__Data for analysis__
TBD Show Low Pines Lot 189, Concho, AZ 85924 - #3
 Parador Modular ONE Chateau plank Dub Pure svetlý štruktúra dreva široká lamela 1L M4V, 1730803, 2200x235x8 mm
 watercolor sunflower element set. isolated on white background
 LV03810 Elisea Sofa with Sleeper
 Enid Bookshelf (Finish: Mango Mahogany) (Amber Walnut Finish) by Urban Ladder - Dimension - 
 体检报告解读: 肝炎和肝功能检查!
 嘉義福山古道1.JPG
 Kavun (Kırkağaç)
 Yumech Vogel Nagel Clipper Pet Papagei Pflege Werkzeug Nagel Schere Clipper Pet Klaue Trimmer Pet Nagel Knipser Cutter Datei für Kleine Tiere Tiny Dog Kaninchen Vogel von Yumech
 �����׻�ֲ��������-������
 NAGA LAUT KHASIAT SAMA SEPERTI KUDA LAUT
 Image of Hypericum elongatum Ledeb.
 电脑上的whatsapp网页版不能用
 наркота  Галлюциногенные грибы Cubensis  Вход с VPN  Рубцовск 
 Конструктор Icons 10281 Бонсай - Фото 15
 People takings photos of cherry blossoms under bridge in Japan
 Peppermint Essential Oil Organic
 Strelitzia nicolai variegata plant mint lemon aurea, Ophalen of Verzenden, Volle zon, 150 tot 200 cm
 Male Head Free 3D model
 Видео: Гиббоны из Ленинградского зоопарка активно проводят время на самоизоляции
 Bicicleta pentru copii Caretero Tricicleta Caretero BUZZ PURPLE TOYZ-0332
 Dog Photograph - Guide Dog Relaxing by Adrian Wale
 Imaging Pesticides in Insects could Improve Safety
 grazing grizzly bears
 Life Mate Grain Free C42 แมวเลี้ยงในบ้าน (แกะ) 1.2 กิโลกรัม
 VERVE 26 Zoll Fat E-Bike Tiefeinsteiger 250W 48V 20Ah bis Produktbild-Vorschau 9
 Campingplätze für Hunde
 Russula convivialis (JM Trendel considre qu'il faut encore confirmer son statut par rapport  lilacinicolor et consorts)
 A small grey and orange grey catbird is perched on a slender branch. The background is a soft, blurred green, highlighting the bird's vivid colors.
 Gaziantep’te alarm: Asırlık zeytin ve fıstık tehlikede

__What to produce__
Go through the listing above and report how many of its lines contain the word "Free", with only the number as output.

__Answer__
2